Task instructions => Your output should be the lines of the data that follow, reproduced exactly from the first through the line bearing "Comprar Laptop Hp".

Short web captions
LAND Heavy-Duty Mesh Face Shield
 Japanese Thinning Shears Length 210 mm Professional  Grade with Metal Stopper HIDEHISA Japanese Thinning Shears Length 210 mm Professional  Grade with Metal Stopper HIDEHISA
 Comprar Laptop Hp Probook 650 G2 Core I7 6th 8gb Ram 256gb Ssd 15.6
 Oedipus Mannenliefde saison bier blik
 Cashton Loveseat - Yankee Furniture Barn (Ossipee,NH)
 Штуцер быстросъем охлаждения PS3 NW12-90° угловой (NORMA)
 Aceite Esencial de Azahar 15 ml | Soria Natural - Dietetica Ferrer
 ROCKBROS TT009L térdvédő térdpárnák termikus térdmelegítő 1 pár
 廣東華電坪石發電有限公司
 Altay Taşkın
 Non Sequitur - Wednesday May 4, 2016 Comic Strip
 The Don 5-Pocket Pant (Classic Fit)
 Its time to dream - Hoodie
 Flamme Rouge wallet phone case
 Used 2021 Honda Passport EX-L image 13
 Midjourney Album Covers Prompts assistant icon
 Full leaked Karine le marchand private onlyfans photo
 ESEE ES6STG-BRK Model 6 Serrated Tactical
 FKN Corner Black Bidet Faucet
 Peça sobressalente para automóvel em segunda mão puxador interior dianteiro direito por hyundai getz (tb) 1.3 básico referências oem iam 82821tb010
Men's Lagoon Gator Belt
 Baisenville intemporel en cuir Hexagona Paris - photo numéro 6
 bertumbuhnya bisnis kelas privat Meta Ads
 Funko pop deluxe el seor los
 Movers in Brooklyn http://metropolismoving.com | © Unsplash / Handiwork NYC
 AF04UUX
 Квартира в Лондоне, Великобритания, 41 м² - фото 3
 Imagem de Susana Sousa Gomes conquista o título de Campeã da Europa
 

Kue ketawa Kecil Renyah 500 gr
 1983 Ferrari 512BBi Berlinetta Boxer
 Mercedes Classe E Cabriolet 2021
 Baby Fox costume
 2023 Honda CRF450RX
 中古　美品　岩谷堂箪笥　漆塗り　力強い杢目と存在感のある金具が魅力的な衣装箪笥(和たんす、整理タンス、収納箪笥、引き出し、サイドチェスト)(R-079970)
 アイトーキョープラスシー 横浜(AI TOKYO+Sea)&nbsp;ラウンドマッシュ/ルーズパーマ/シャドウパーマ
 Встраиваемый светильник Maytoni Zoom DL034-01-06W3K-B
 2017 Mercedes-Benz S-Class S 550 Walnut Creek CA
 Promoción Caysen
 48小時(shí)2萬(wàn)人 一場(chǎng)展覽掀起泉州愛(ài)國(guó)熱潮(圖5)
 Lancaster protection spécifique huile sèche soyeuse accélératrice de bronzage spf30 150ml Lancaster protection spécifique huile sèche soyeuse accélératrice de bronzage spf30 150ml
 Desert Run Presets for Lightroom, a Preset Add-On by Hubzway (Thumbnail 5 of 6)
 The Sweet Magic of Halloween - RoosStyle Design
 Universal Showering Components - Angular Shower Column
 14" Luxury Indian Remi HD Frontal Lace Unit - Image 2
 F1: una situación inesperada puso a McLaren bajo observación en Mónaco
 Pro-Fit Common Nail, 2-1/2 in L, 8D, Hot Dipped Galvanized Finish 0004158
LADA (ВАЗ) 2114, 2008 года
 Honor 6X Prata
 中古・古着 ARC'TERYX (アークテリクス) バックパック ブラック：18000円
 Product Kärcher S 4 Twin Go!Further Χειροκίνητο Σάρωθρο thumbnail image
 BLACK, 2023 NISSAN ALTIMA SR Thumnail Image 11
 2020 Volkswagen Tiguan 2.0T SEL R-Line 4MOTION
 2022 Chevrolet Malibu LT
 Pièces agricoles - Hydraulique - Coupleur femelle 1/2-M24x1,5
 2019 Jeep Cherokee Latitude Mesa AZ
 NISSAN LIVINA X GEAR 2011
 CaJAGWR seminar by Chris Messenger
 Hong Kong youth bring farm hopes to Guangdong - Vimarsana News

Result of this task =>
LAND Heavy-Duty Mesh Face Shield
 Japanese Thinning Shears Length 210 mm Professional  Grade with Metal Stopper HIDEHISA Japanese Thinning Shears Length 210 mm Professional  Grade with Metal Stopper HIDEHISA
 Comprar Laptop Hp Probook 650 G2 Core I7 6th 8gb Ram 256gb Ssd 15.6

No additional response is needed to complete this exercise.